If I send a balanced 0dBu 1kHz sine wave to my gear on an XLR connector, that'll be 2.19V p-p. This means it would be 1.095V on each leg of the balanced connector, right? (pin 1-pin2, and pin1-pin3 on XLR).

That way, when an unbalancing circuit sums them (and inverts the pin1-pin3 signal), they'll sum to 2.19V p-p, or .775V rms.

Right?

So, if I have an unbalanced signal generator, and I hook it up at 2.19V p-p between pins 1 and 2, that will give essentially the same result, because there will be no input on pin 1-pin3, so there will be no addition to the signal; we just won't get the benefit of CMRR.

Does that sound right? Anybody know?

Thanks!
Mike

[tpryan]

If I send a balanced 0dBu 1kHz sine wave to my gear on an XLR connector, that'll be 2.19V p-p. This means it would be 1.095V on each leg of the balanced connector, right? (pin 1-pin2, and pin1-pin3 on XLR).

Maybe, maybe not, and it doesn't matter to the differential input anyway. All that matters is the difference in voltage between pins 2 and 3.

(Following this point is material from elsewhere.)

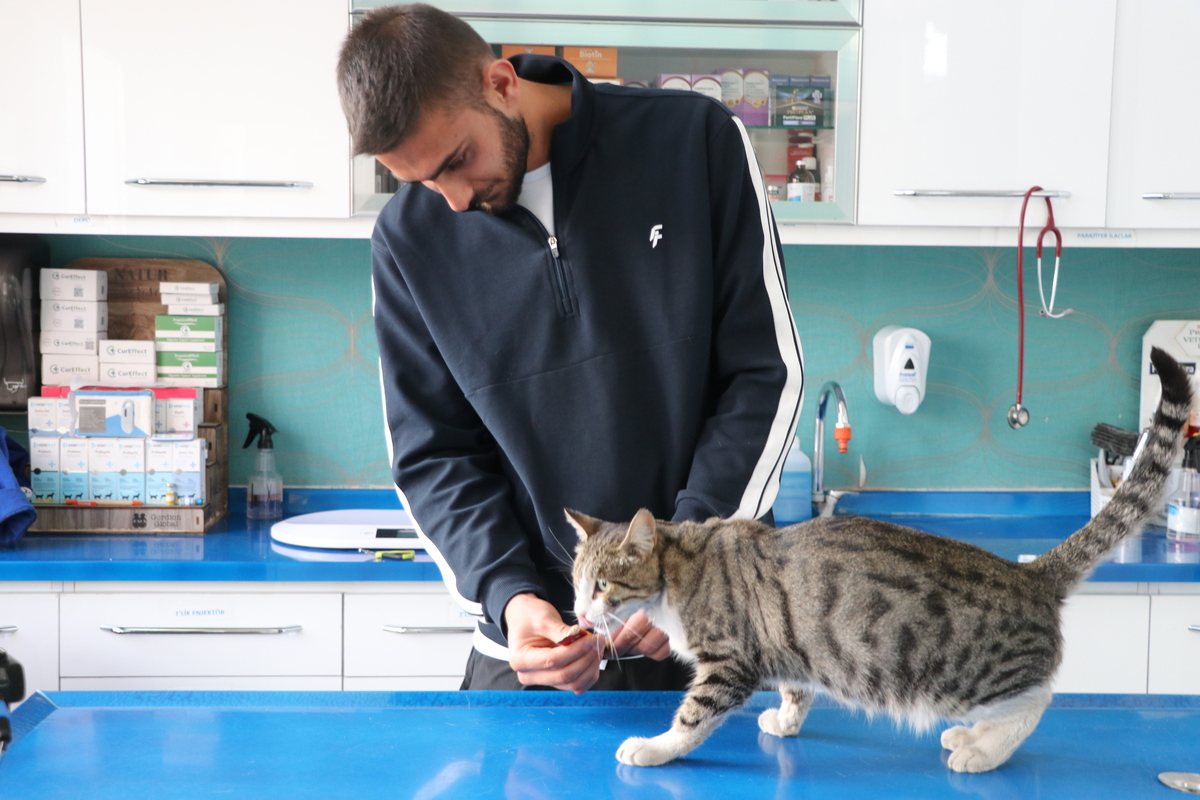 Kedi (4)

So, if I have an unbalanced signal generator, and I hook it up at 2.19V p-p between pins 1 and 2, that will give essentially the same result, because there will be no input on pin 1-pin3, so there will be no addition to the signal; we just won't get the benefit of CMRR.

Connect your generator to pins 2 and 3, hot to pin 2 and ground to pin 3. It's not necessary for basic testing, but for better common mode performance you can insert a resistor between the pin 3 connection and ground at the generator end of the cable. The R value should match the output impedance of the generator.